Lawyers representing shareholders in North Island meat company Richmond say South Island competitor PPCS deserves to be punished for serious breaches of the Securities Amendment Act.
Justice Young yesterday reserved his decision on what orders he might make as a result of his August ruling that PPCS breached the act - and Richmond's constitution - by setting up other parties to buy Richmond shares with PPCS' financial backing, while keeping the arrangements quiet.
Robert Dobson, representing shareholder plaintiffs RJ Bell and others, told the court yesterday that Richmond shareholders were prepared to allow PPCS three months to acquire 90 per cent of the company at a specified price.
The price which the shareholders were willing to accept was suppressed.
If PPCS was unsuccessful in obtaining 90 per cent within three months, the plaintiffs wanted orders for divestment of PPCS' remaining 52 per cent holding in Richmond.
If that was not acceptable to the court, the plaintiffs sought orders for divestment of all PPCS' shares in Richmond, Dobson said.
There were strong arguments in favour of punishing PPCS for breaching the act.
"This is the most serious case revealed since the passing of the 1988 amendment act on every scale of measurement,"he said.
"It is the first case where breaches of the act have led directly to successful transfer of control of a major publicly listed New Zealand company in what was effectively a hostile takeover situation.
"Having run such a large risk in respect of so high-profile a transaction, an effective deterrent should be commensurately large."
Alan Galbraith, QC, for PPCS, argued that the court did not have the power to make an order for divestment or forfeiture of PPCS' shares in Richmond, since all the shares now controlled by the company were acquired in conformity with the act.

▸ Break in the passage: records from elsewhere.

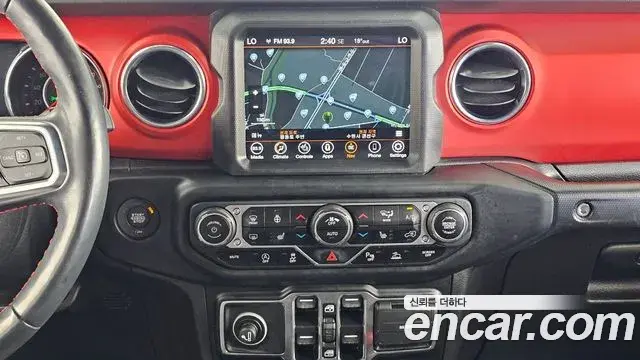 Jeep Wrangler 2021 — ფოტო 11/29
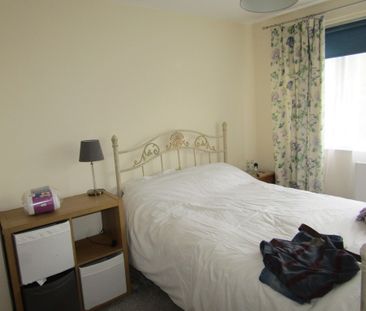 3 bed Semi-Detached - To Let - Photo 2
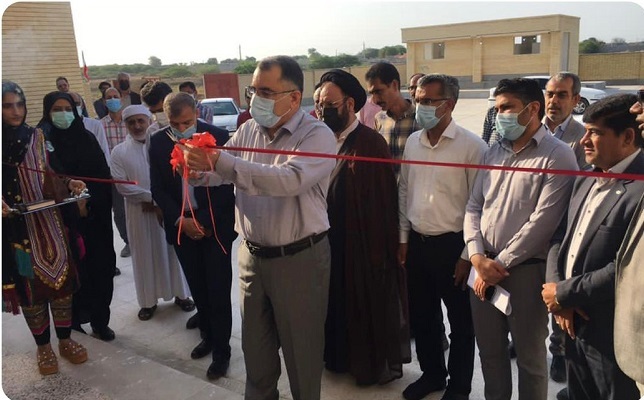 مدرسه ۶ کلاسه ذرتی در بندرعباس افتتاح شد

The relevant section of the act, section 32, did not create an offence or provide for a penalty.
"Instead it provides for a range of possible orders, the bulk of which are unarguably directed towards ensuring compliance or preventing a party taking the benefits of non-compliance."
The aim was to provide the market with full information.
"The market was not disadvantaged. At all times those buying and selling shares on the market have benefited from a higher price than would have occurred had PPCS not been a buyer."
The Bell Group's preferred outcome would result in a loss of value for Richmond and its shareholders, he said.
Richmond needed a cornerstone shareholder, and PPCS was the meat-industry participant which had consistently most highly valued the company. Richmond also needed certainty, and quickly.